EDIT: With the help of cordbg, I can confirm Brian's answer - the type pointer of a reference-type array is the same regardless of the actual element type. Presumably there's some funkiness in object.GetType()
(which is non-virtual, remember) to account for this.
So, with code of:
object[] x = new object[1];
string[] y = new string[1];
int[] z = new int[1];
z[0] = 0x12345678;
lock(z) {}
We end up with something like the following:
Variables:
x=(0x1f228c8) <System.Object[]>
y=(0x1f228dc) <System.String[]>
z=(0x1f228f0) <System.Int32[]>
Memory:
0x1f228c4: 00000000 003284dc 00000001 00326d54 00000000 // Data for x
0x1f228d8: 00000000 003284dc 00000001 00329134 00000000 // Data for y
0x1f228ec: 00000000 00d443fc 00000001 12345678 // Data for z
Note that I've dumped the memory 1 word before the value of the variable itself.
For x
and y
, the values are:
For z
, the values are:
Different value type arrays (byte[], int[] etc) end up with different type pointers, whereas all reference type arrays use the same type pointer, but have a different element type pointer.
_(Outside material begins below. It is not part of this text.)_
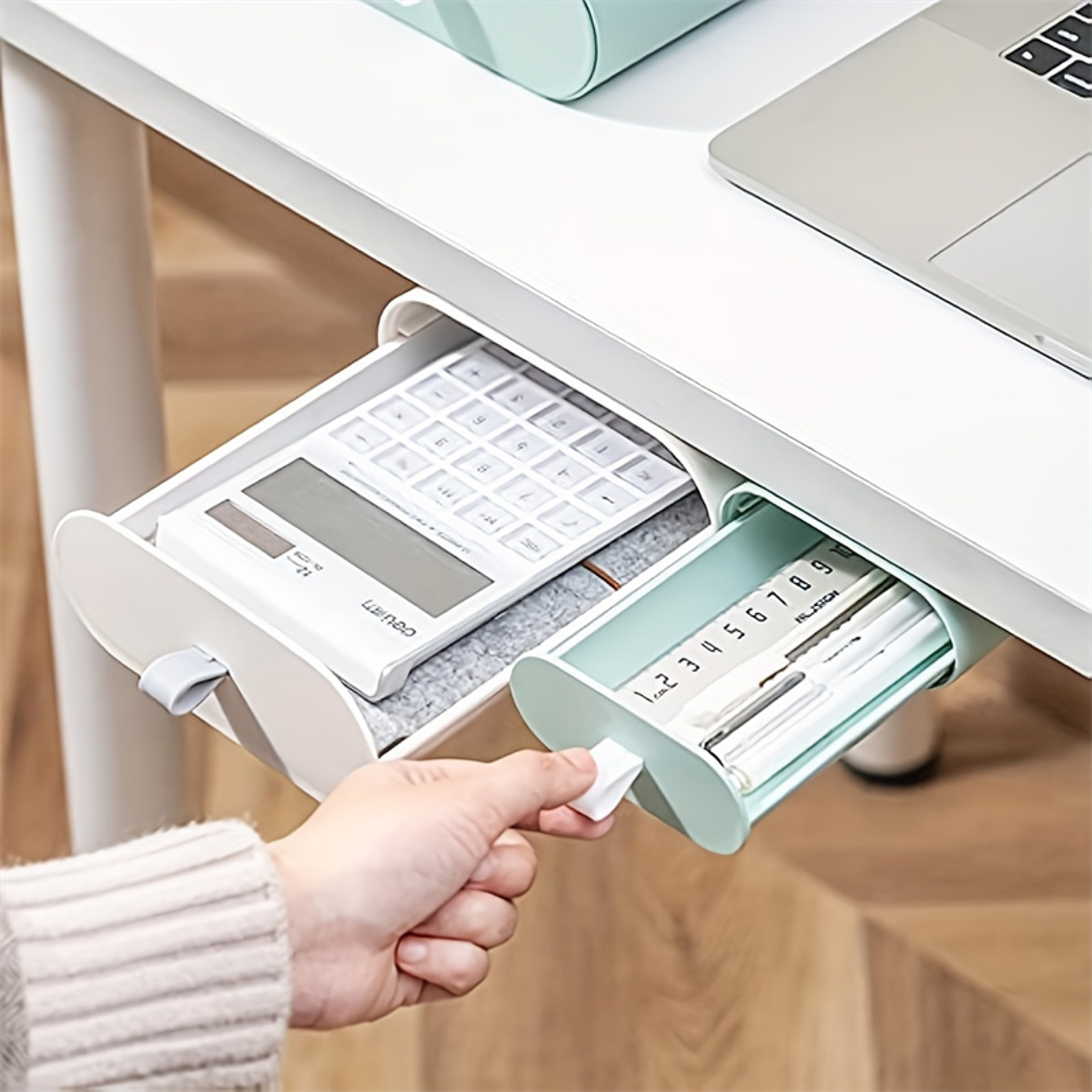 Selfadhesive Concealed Desk Drawers For Office School Kitchen And Home Cabinets 1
The element type pointer is the same value as you'd find as the type pointer for an object of that type. So if we looked at a string object's memory in the above run, it would have a type pointer of 0x00329134.
The word before the type pointer certainly has something to do with either the monitor or the hash code: calling GetHashCode()
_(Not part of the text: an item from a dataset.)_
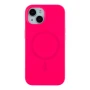 Чохол - накладка Silicone Case with Magsafe для iPhone 15 hot pink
populates that bit of memory, and I believe the default object.GetHashCode()
obtains a sync block to ensure hash code uniqueness for the lifetime of the object. However, just doing lock(x){}
didn't do anything, which surprised me...
All of this is only valid for "vector" types, by the way - in the CLR, a "vector" type is a single-dimensional array with a lower-bound of 0. Other arrays will have a different layout - for one thing, they'd need the lower bound stored...
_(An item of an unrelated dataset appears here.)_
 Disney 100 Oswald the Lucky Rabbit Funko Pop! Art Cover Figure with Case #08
So far this has been experimentation, but here's the guesswork - the reason for the system being implemented the way it has. From here on, I really am just guessing.
object[]
arrays can share the same JIT code. They're going to behave the same way in terms of memory allocation, array access, Length
property and (importantly) the layout of references for the GC. Compare that with value type arrays, where different value types may have different GC "footprints" (e.g. one might have a byte and then a reference, others will have no references at all, etc).Every time you assign a value within an object[]
the runtime needs to check that it's valid. It needs to check that the type of the object whose reference you're using for the new element value is compatible with the element type of the array. For instance:
object[] x = new object[1];
object[] y = new string[1];
x[0] = new object(); // Valid
y[0] = new object(); // Invalid - will throw an exception
This is the covariance I mentioned earlier. Now given that this is going to happen for every single assignment, it makes sense to reduce the number of indirections. In particular, I suspect you don't really want to blow the cache by having to go to the type object for each assigment to get the element type. I suspect (and my x86 assembly isn't good enough to verify this) that the test is something like:
If we can terminate the search in the first three steps, there's not a lot of indirection - which is good for something that's going to happen as often as array assignments. None of this needs to happen for value type assignments, because that's statically verifiable.
So, that's why I believe reference type arrays are slightly bigger than value type arrays.
Great question - really interesting to delve into it :)